But after eight years, the sheer ugliness of what Bordamos Feminicidios is forced to confront is beginning to take its toll. “I don’t think what we do has helped,” Minerva says. “Five women were being murdered each day in Mexico in 2011. Now it’s gone up to eleven. It’s very romantic to say we are strong, and that we’re awake. But now, if I even consider that I could change something, I would be frustrated all the time.” In the past, it was easy for people to reach out to her via the Facebook page for the collective. Torrents of derisive and hateful comments, some from media outlets, have since forced her to turn off the messaging function. “If they really want to join us, they will find a way to contact me.”

Minerva still regularly receives case files by email from the Observatorio Ciudadano Nacional del Feminicidio (OCNF), an organization that documents the murders of women and puts pressure on the state to prevent and punish female-targeted violence. The increasingly grotesque nature of the murders makes her sick. She began noticing that there are certain patterns in the femicides, not all of which she can explain. In the weeks after female-led protests, for example those for reproductive rights, there always appears to be a spike in the number of women killed, typically by partners or men they shared their lives with. These are epidemics of male vengeance. Other times she has found phenomena that are sinister and baffling in equal measure: “In one week, I hear about four different women being killed, all of them called Veronica Lopez. I mean… what the hell is going on here?”

***

There are only three basic requirements to be part of Bordamos Feminicidios, and for Minerva to assign you a story to embroider. First, the embroiderer must tell the narrative in first person. “I want them,” she says, “to really try and imagine the life of this woman, who we only know in her last moments.” To honor her is to build a profound empathy with the fantasy of a life fuller and more complex than a broken body. Second, the embroidery should be done on a pañuelo, a standard white handkerchief, though Minerva has begun allowing deviations to this rule, because she finds it endearing when the embroiderers add personal touches to their work. “I have received tablecloths or fabric of all shapes and sizes, stained with coffee and wine, with little cats and flowers sewn into the bottom,” she says. “I love it.
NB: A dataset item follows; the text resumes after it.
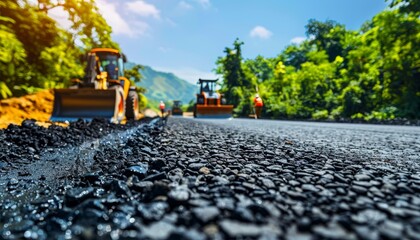 Authentic portrayal of engineers and workers engaged in road construction activities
It means that these women are working on the embroidery everywhere and whenever they can, and the decorative details are like little kisses to the deceased.” The third rule, she says, is that the words must be in purple.

Transforming craft into an act of protest against indifference, against the lack of willpower to reverse or address a societal ill, is something that Mexican women, and women around the world, are familiar with. For centuries both in reality and the literary imagination, women have been the faithful scribes of tales revealing personal and social resistance to injustice or oppression. They did not do this with pens, or quills, or rigid implements that were good for scratching script onto stone—all of these were traditionally believed to be instruments that wielded real power in the realm of the public, where only men’s words counted. Instead women spoke through the objects they had created with their hands, some of which would never cross the threshold of the home.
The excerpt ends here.